Title: The causes of the sudden change and methods to maintain stability
Post by: Rensburg on 14/04/26 13:42

Dear dlparkhurst ,
  I am currently refining my model and have one final issue that I am struggling with. I would like to seek your help again.

  My SOLUTION is defined based on measured data. In the measured data, S(-2) and Fe(2) are present in relatively stable forms, and pe is consistently around 4.5. However, I don’t understand why, after initial equilibration of the solution, pe suddenly jumps to above 13, and both S(-2) and Fe(2) are oxidized ,although I tried removing the O(0) definition (although I think this is unreasonable because dissolved oxygen is indeed present in the measured data).
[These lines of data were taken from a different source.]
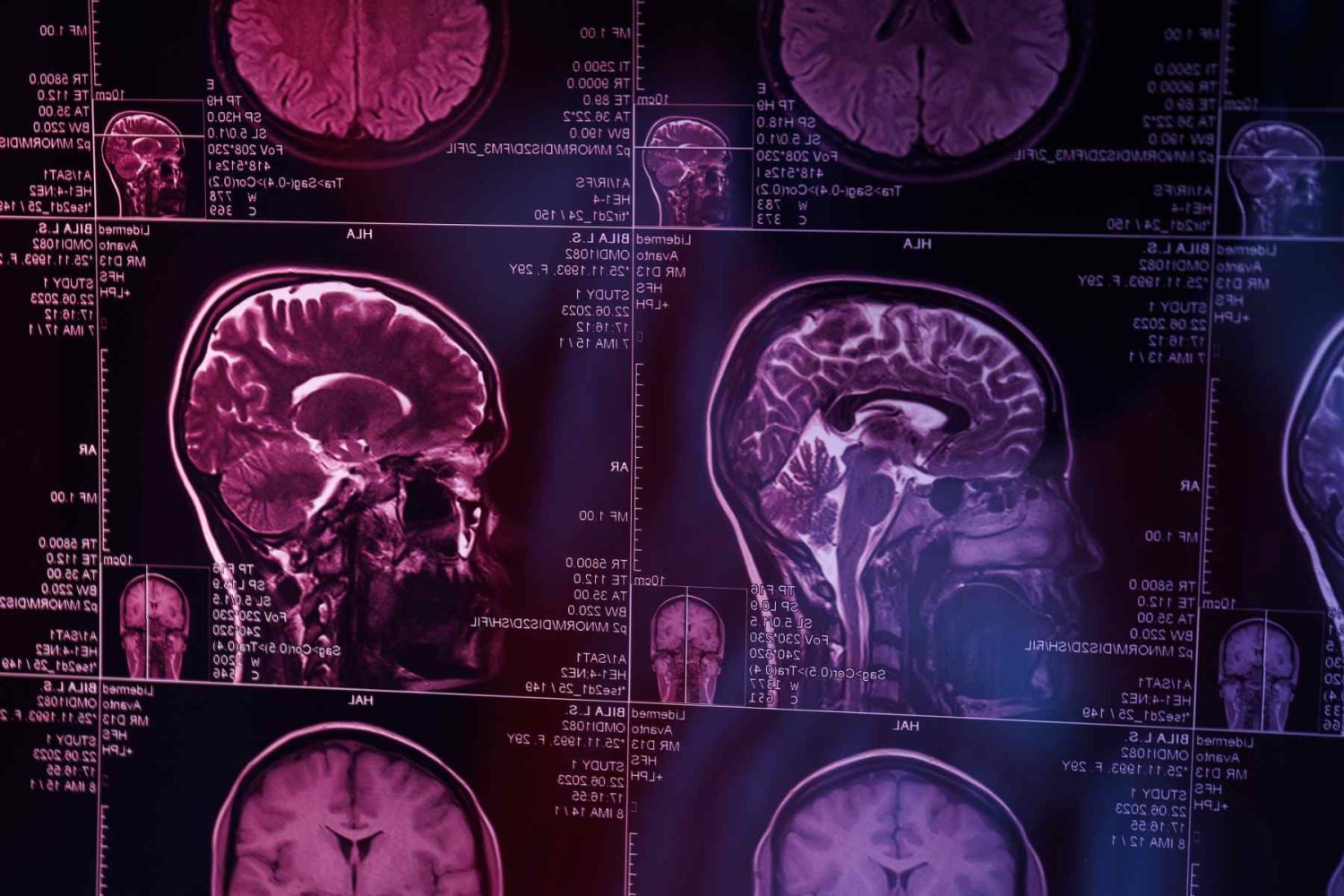 en mexico alrededor del 15 millones de personas pdecen alzheimer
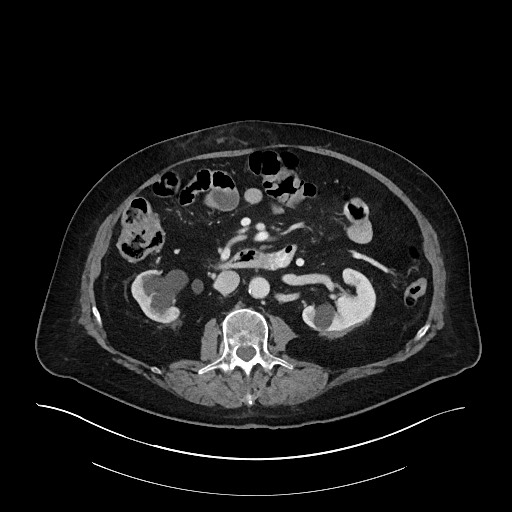 Ampullary adenocarcinoma (Radiopaedia 59373-66734 C 73).jpg
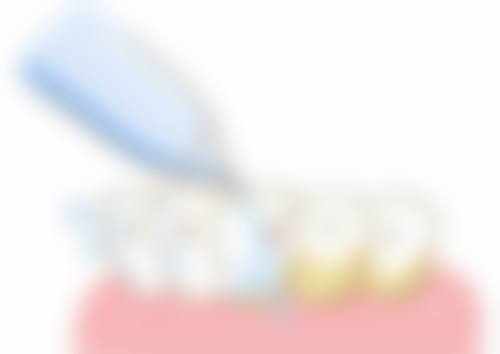 李子龙诊疗技术与临床特色优势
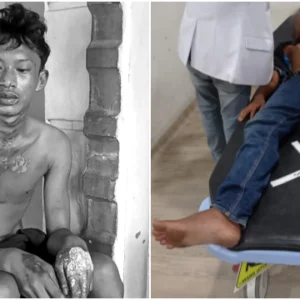 Tragis! Remaja Dibakar Hidup- hidup Usai Curi Ubi, Oknum Brimob dan ASN Jadi Tersangka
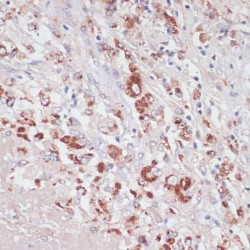 Lysozyme C (LYZ) Antibody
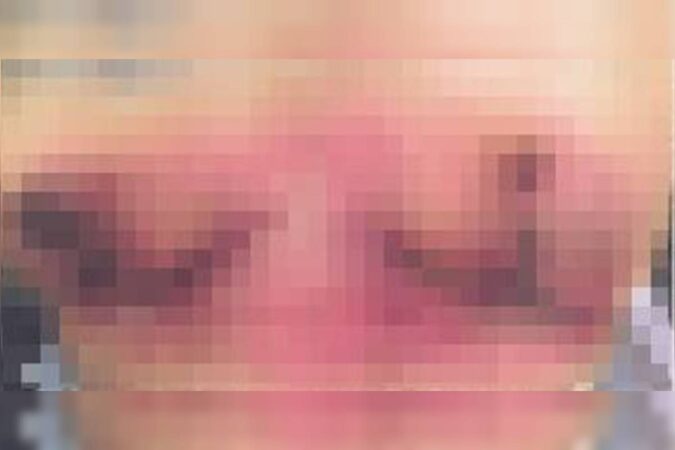 mulher-denuncia-medico-do-df-por-erro-apos-perder-os-seios-em-cirurgia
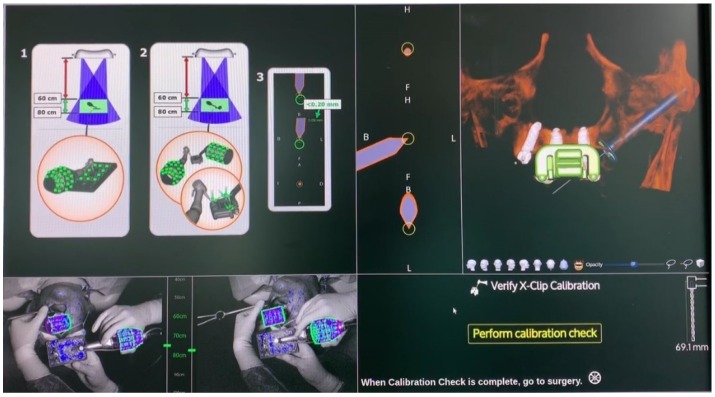 Figure 25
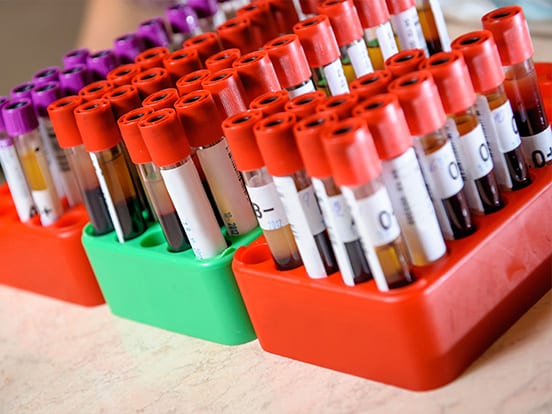 Top quality fresh blood products with next day delivery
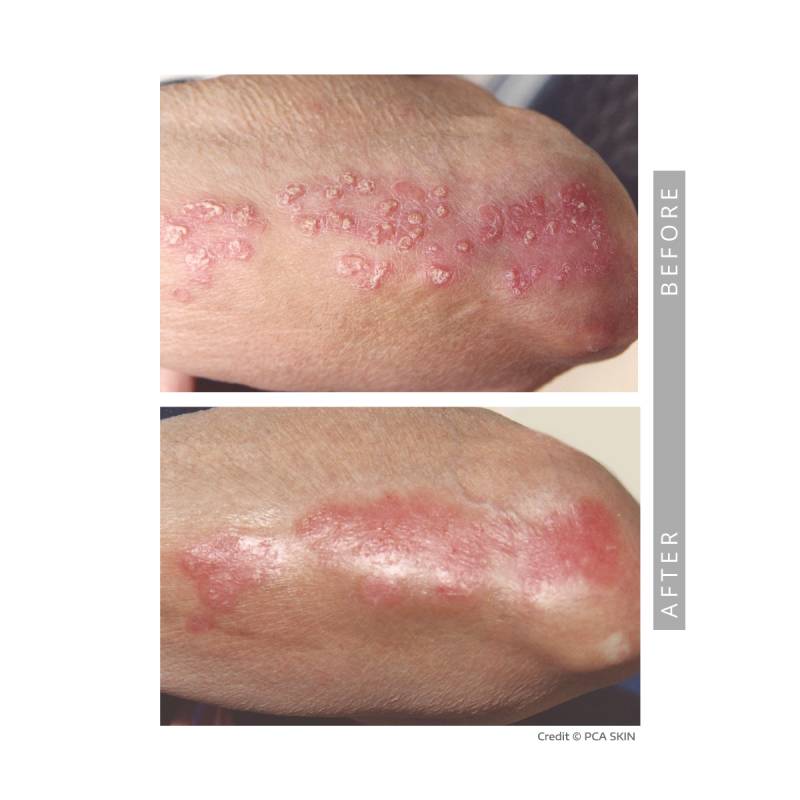 Closeup on a before and after comparative images. Both pictures frames an arm. In the before image we can the patient suffering from Psoriasis . In the after image We can see a significant reduction of Psoriasis.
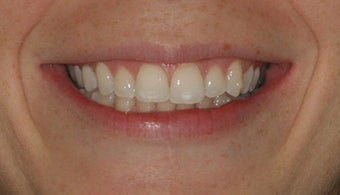 Invisalign
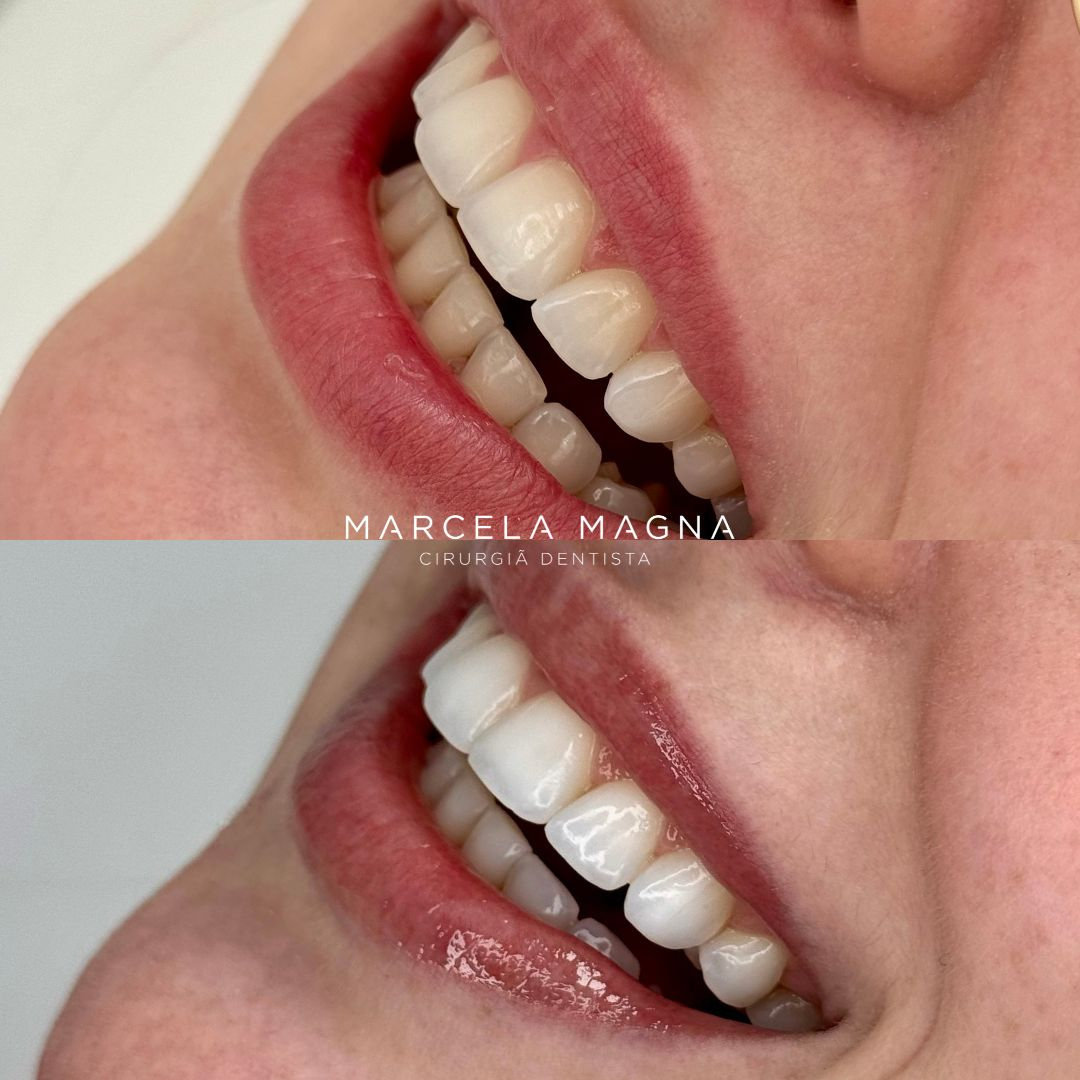 Marcela Magna - Dentista em Maceió (24)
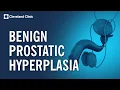 What Causes An Enlarged Prostate BPH Explained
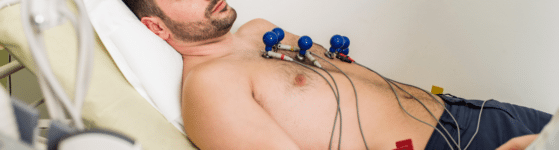 prise en charge amylose cardiaque - electrocardiogramme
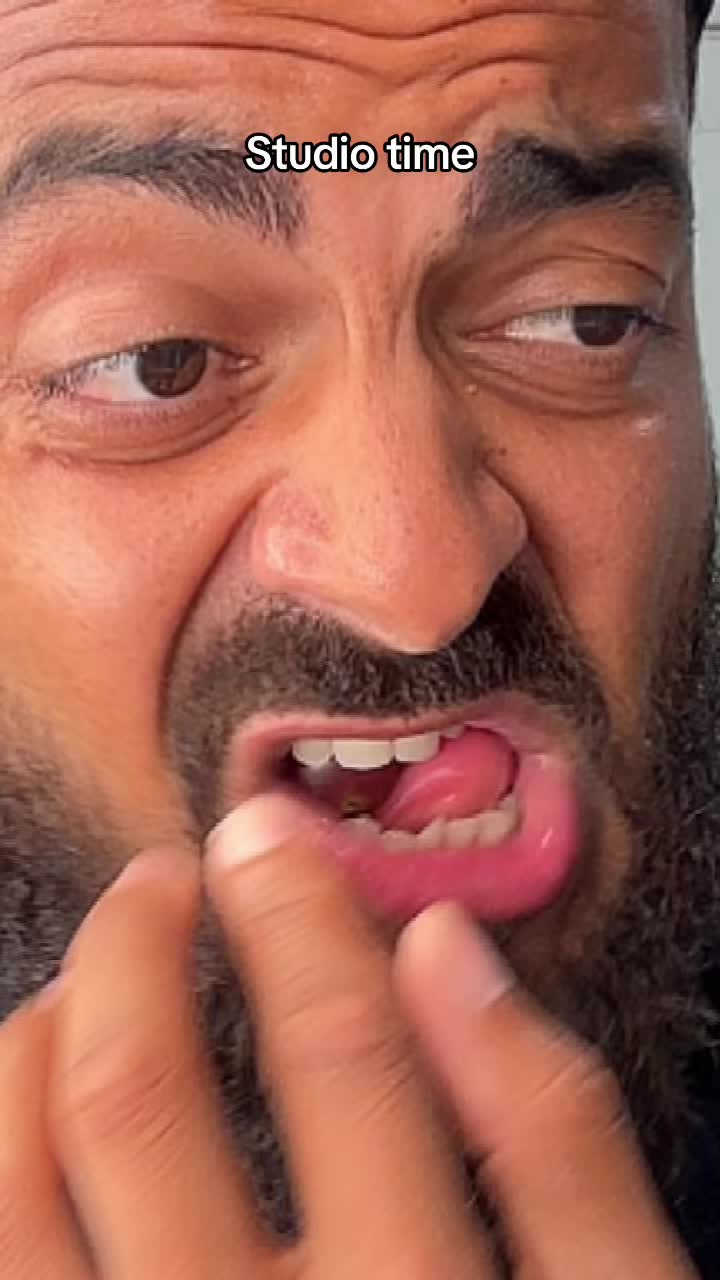 @Azz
That's why?

Code: [Select]

SOLUTION_MASTER_SPECIES
    Doc       Doc          0     CH2O         30

SOLUTION_SPECIES
Doc = Doc
    log_k     0
    delta_h   0 kJ
2 NO3- + 12 H+ + 10 e- = N2 + 6 H2O
#-log_k 207.08
       -log_k 100
# H2O + 0.01e- = H2O-0.01
#        -log_k -9 # aids convergence

SOLUTION 1
    temp      8.4
    pH        8.38
    pe        4.52
    redox     pe
    units     mg/l
    density   1
    # O(0)      4.9
    Amm       0.04128
    N(5)      7.0857
    N(3)      0
    P         0.07
    Doc       10
    Fe(2)     0.04
    S(-2)     0.02
    Ca        41.416 charge
    Mg        7.629
    Na        0.426
    K         0.354
    Cl        4.6866
    S(6)      23.6671
    F         0.2
    Alkalinity  50   as HCO3
    -water    1 # kg
END

USE SOLUTION 1
REACTION 1
NaCl  1
0
END  I would like to find a way to keep S(-2) and Fe(2) stable (with a slight decrease) and maintain pe around 4.5 (with a slight fluctuation).How should I improve my defination?

Title: Re: The causes of the sudden change and methods to maintain stability
Post by: dlparkhurst on 14/04/26 16:54

Redox disequilibrium is allowed in the SOLUTION definition; however, when the solution reacts in any way (KINETICS, EQUILIBRIUM_PHASES, REACTION, etc), redox equilibrium will obtain. S(-2) and N(5), for example, will not coexist at redox equilibrium, which explains the results that you observe. Natural systems do not tend to have both O(0) or N(5) and S(-2) or Fe(2). Samples with both oxidized and reduced species are likely mixtures of two or more environments and are transitory.

If you really want to preserve redox disequilibrium, you must separate all of the redox states and react them kinetically as we have discussed before.

You should step back and consider what are the main reactions that you want to consider. Are S(-2) and Fe(2) important to your system? or are you really interested in denitrification?

Title: Re: The causes of the sudden change and methods to maintain stability
Post by: Rensburg on 14/04/26 17:36

  I understand. Thank you very much. As I mentioned before, I want to understand how changes in oxygen under nitrification and denitrification affect the concentrations of other redox species. I will carefully consider my next steps and try to make corrections. Thank you again.